= John Hanboys =

English music theorist

John Hanboys, also John Hamboys and possibly J. de Alto Bosco (fl. 1370), was a medieval musical theorist from England.

==Biography==
Very little is known of the life of Hanboys. He may have come from one of the villages of Little or Great Hautboys in Norfolk. In the attribution of one version of the treatise Summa super musicam he is called 'doctoris musice reverendi'. It has been assumed that because he was called 'reverend', may have been a monk or friar, but this uncertain. Traditionally authors followed the earliest biographical source John Bale's Illustrium maioris britanniae scriptorum (Summary of the Writers of Britain) (1548), which uses the spelling 'Hamboys' and indicates he received a liberal education from an early age, but was chiefly devoted to the study of music. That he was eloquent and accomplished, and after studying for many years in 'the school of his land' he was given the degree of doctor of music.
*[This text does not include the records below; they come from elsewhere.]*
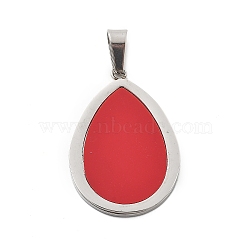 304 Stainless Steel Pendants, with Enamel, Teardrop Charm, Red, 38.5x26.5x3mm, Hole: 10x5mm(STAS-F313-11P)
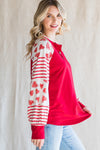 Fiery Red Heart Striped Raglan Sleeve Henley Top-Tops-MomFashion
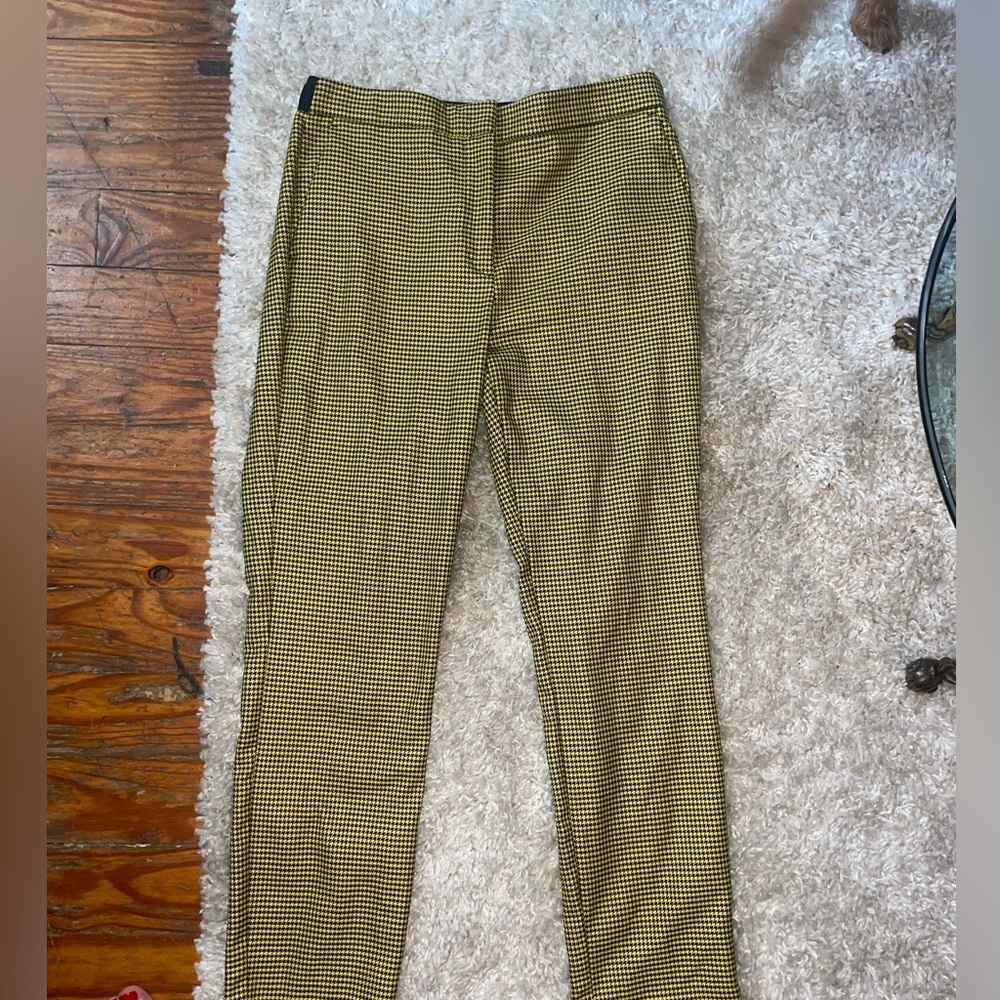 Zara black and yellow gingham trouser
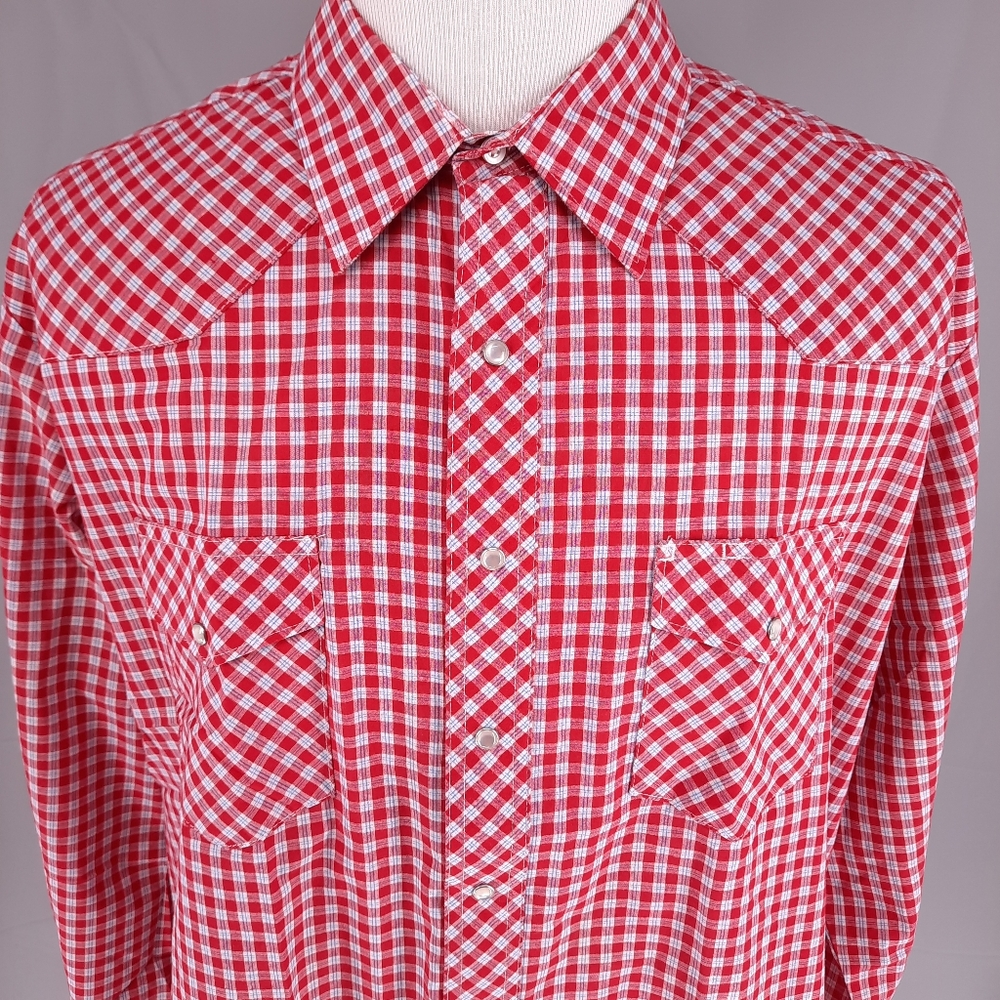 NEW Wrangler Western Red Plaid Shirt Men's 2XT Pearl Snap Lightweight Rodeo XXL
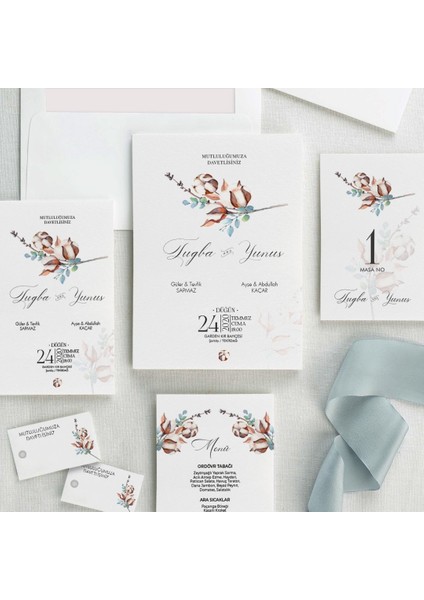 Cotton Zarfsız Düğün Davetiyesi fiyatları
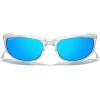 imageMERRYS Wrap Around Sport Polarized Sunglasses for Men Women Driving Fishing Cycling Running UV400 Protection S3027Transparent FrameBlue Mirror Polarized Lens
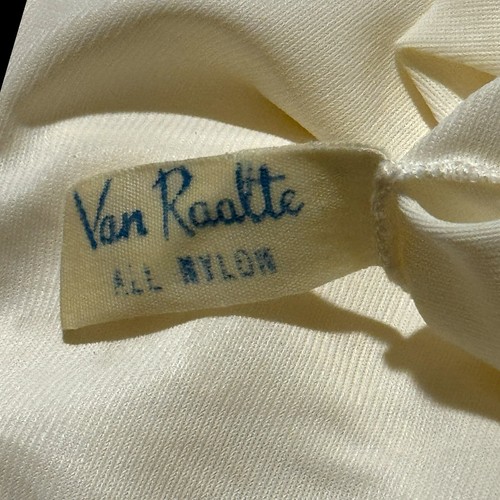 Abito vintage Van Raalte crema avorio lotto pizzo completo nylon slip completo taglia 34 M - Foto 7 di 8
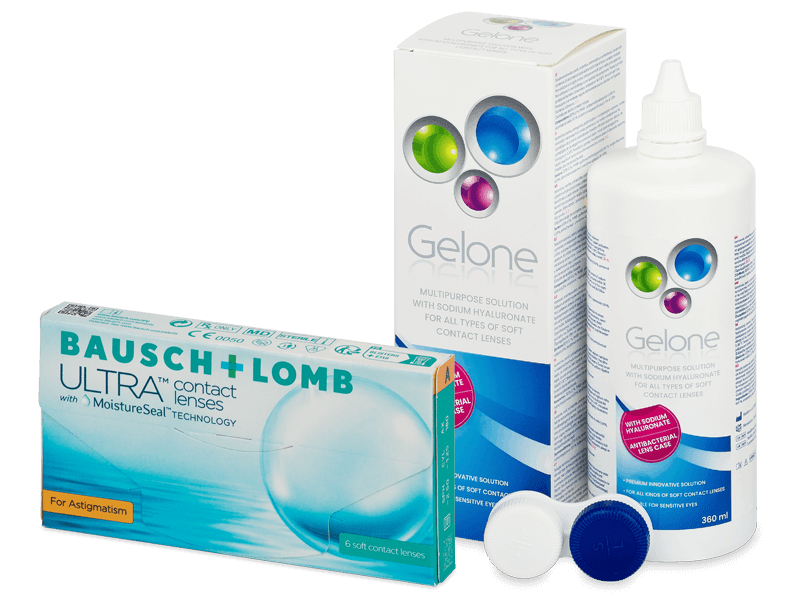 Bausch + Lomb ULTRA for Astigmatism (6 linser) + Gelone linsvätska 360 ml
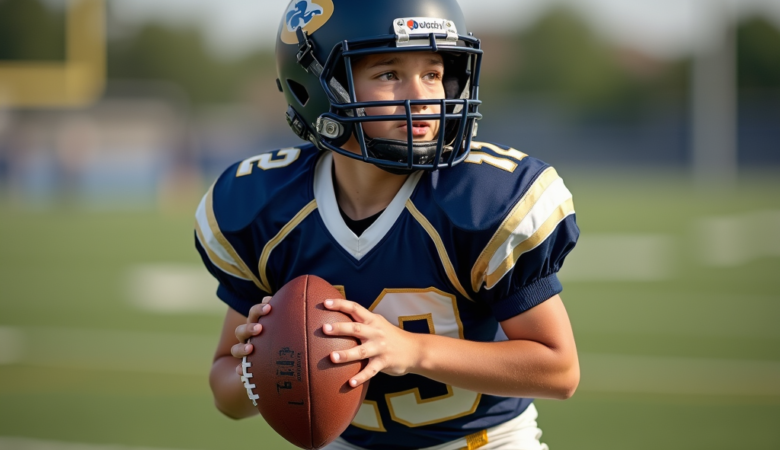 A kid playing football without gloves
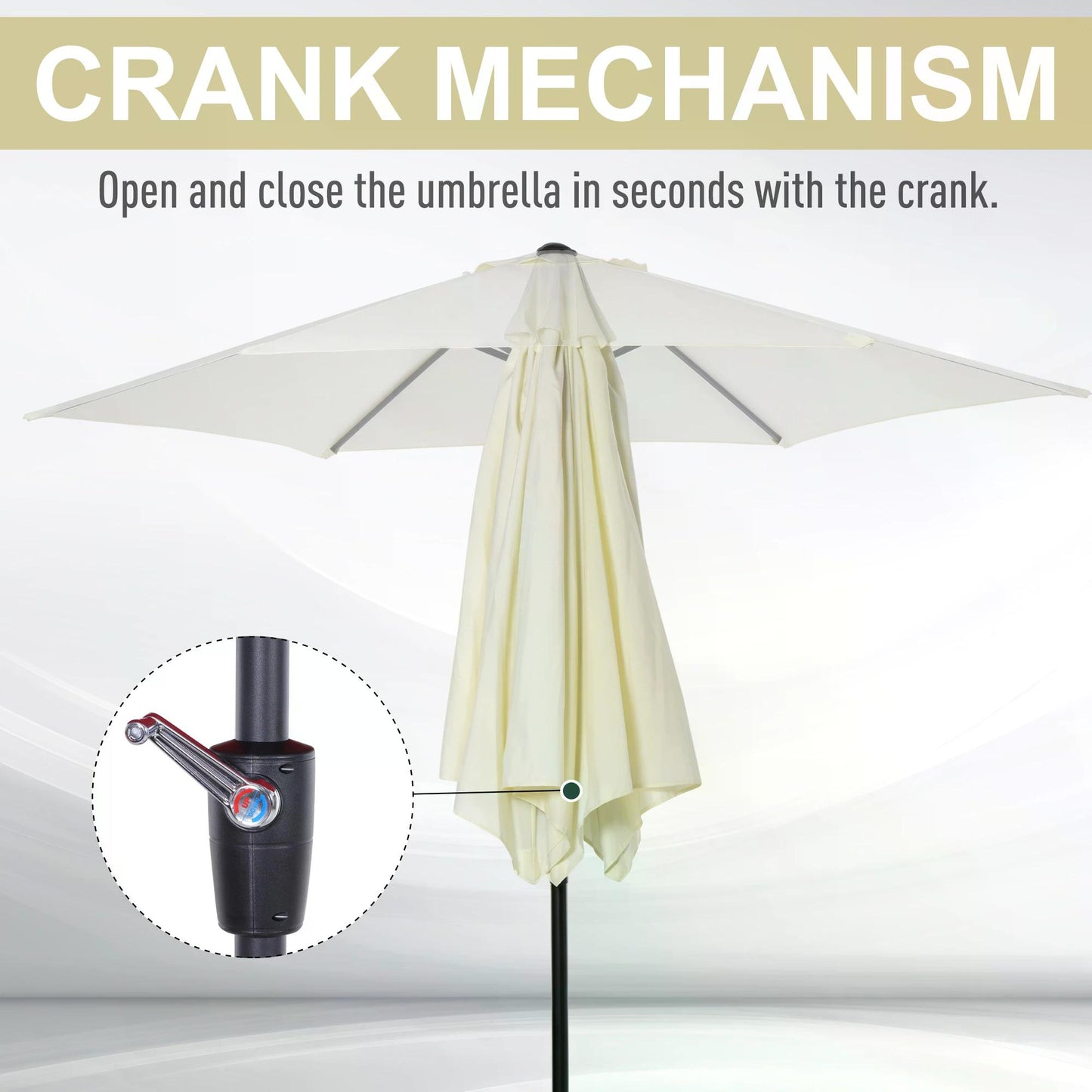 Outsunny Garden Parasol 2.7m Patio Umbrella with Tilt and Crank Mechanism, Aluminium Frame, Cream White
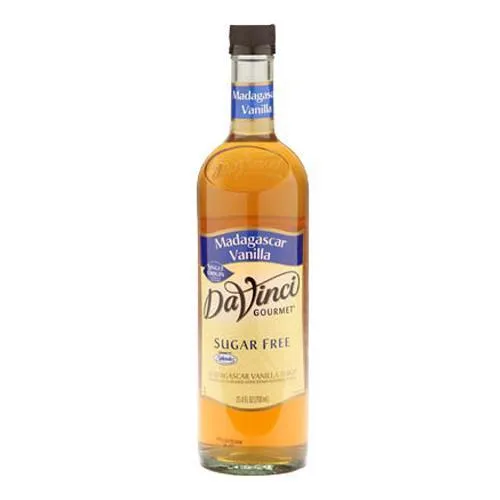 Sugar Free Madagascar Vanilla DaVinci Syrup Bottle - 750mL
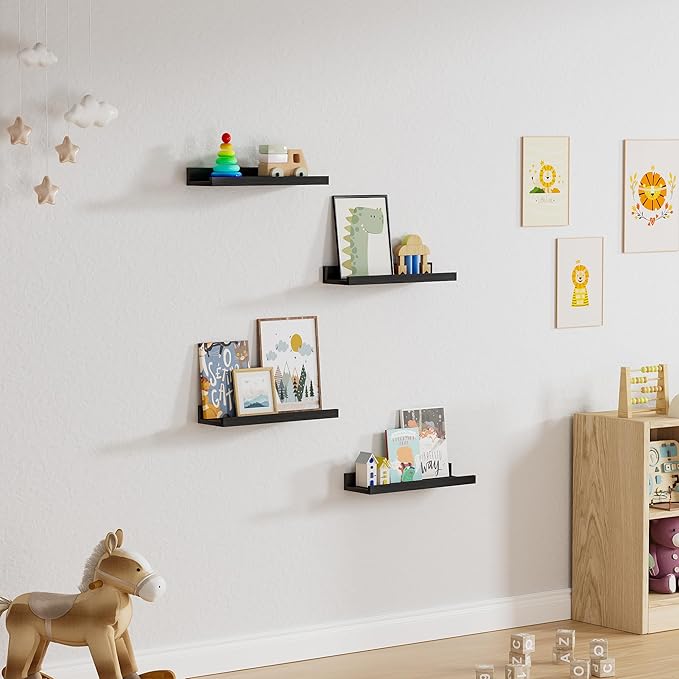 Floating Shelves for Wall, 16 inch Solid Wood Picture Ledge Shelf, Picture Shelf for Wall with Ledge, Floating Book Shelves for Living Room Bedroom Kitchen Nursery Decor, Black, Set of 2-NeatNest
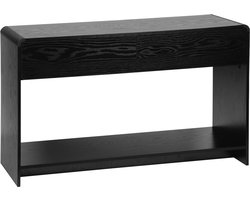 sweeek - Sidetable met 2 laden en 1 plank, afgerond houteffect
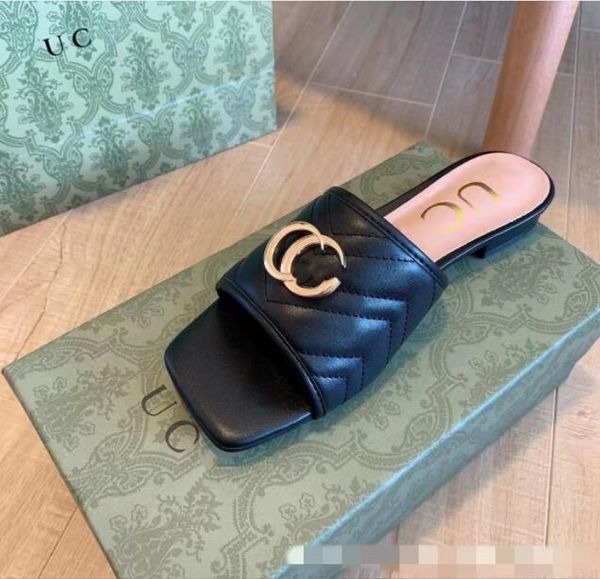

designer summer beach slippers fashion loafers lazy low heeled flops leather letters lady cartoon slides women shoes metal ladies sandals la, Black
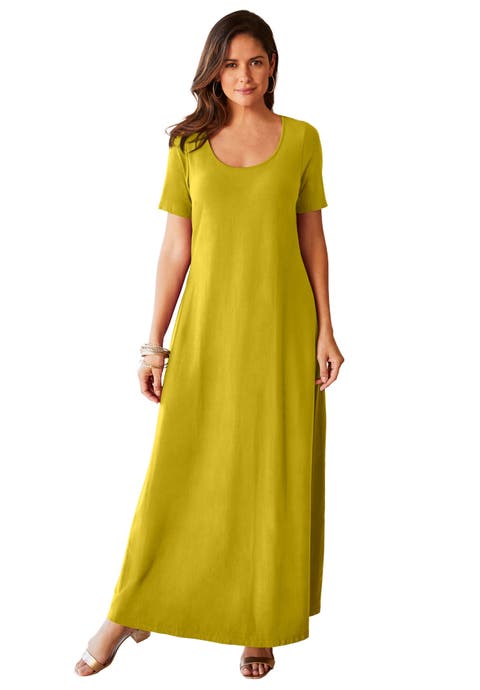 Stretch Cotton T-Shirt Maxi Dress (Plus) (Petite Available)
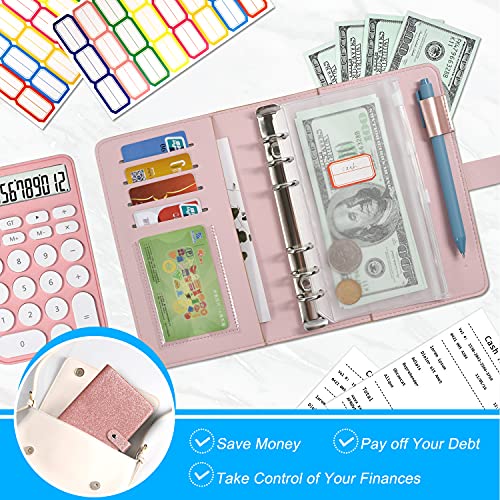 A6 Budget Binder, PU Leather Money Organizer for Cash Bills Coupon, Planner Book Notebook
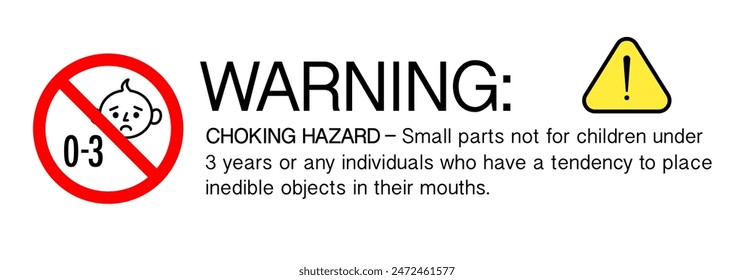 Choking hazard sticker for children under 3 years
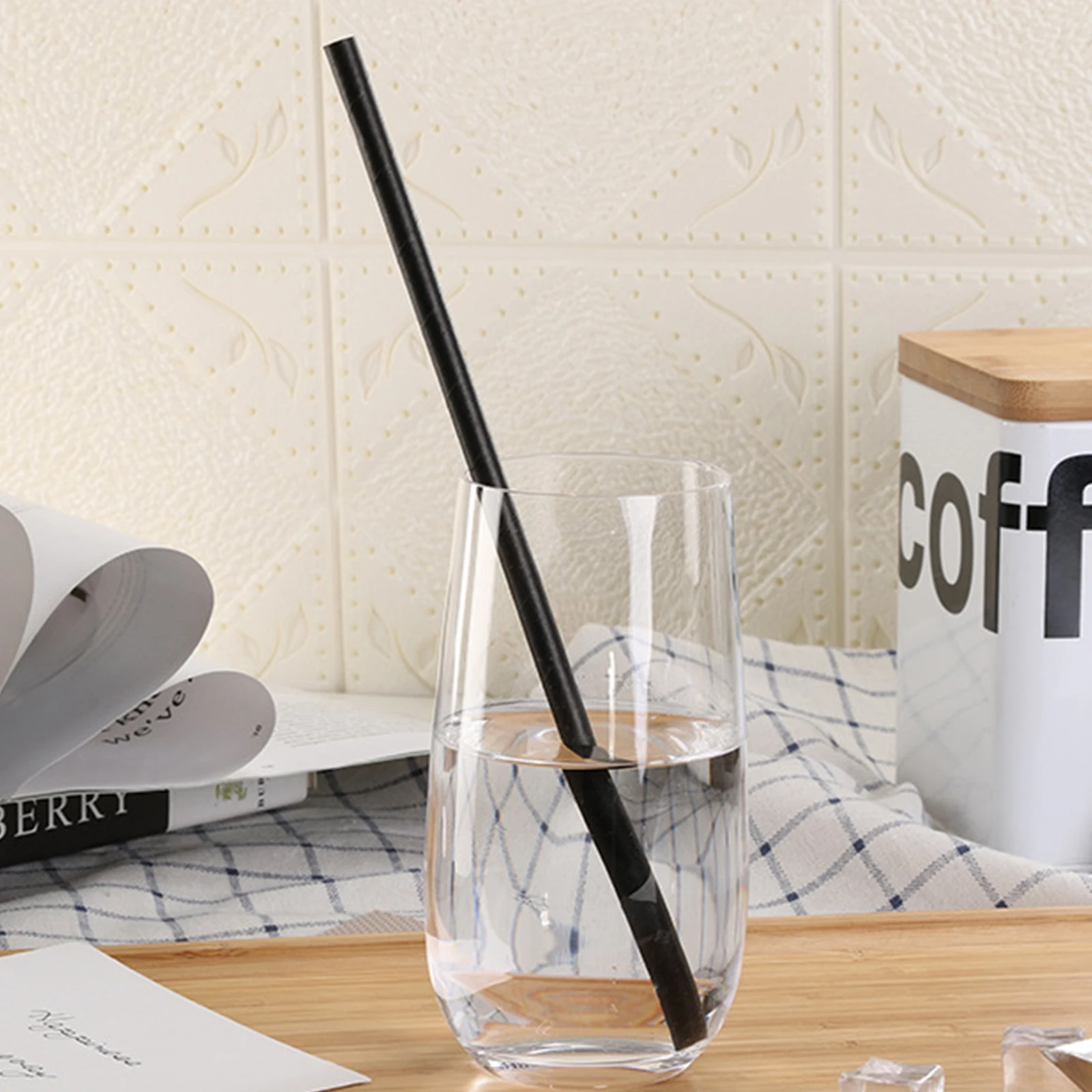 100 Pcs Paper Straws Compostable Biodegradable Straws 7.75 in Long Cocktail for Smoothies Tumblers Cocktail MilkShake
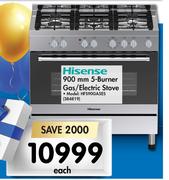 Hisense 900mm 5 Burner Gas/Electric Stove HFS90GA5ES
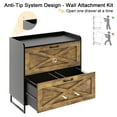 thumbnail image 7 of Vabches Lateral File Cabinet with Charging Station for Letter/Legal/A4 Size Hanging Files, Brown, 7 of 7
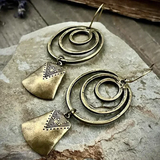 Boucles d'oreilles vintage en argent rond spiralé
He adds that he was 'the most noted man of his day in England' and that he came to prominence in 1470 in the reign of Edward IV (r.1461-83). If he did hold a doctorate of music it was probably one of the first from Oxford or Cambridge, although the common assertion in older literature that it was the first held from Oxford is not clear from the sources, and Bale may simply be expanding his biography from the title 'doctoris musice', which could be read as 'learned in music'. More recently Brian Trowell has argued that he can be identified with J. de Alto Bosco, the Latin title of a musician mentioned in the motet Sub Arturo plebs, which is probably from a century earlier, in the 1370s. It is possible that Bale only knew the Summa from a later edition and so may have assumed the period of authorship to fit with that or he may have conflating him with fifteenth-century composer and theorist John Hothby (d. 1487).

==Work and influence==
Following Bale, Hanboys is traditionally identified as the author of a (now unknown) volume of music and, more securely, of an important musical treatise Summa super musicam continuam et discretam, a theoretical work on music that discusses the origins of musical notation and mensuration from the thirteenth century and proposes several new methods for recording music. It discusses the differences between the ars antiqua and developing ars nova styles of music and proposes the expansion of the mensural system to a total of eight figures.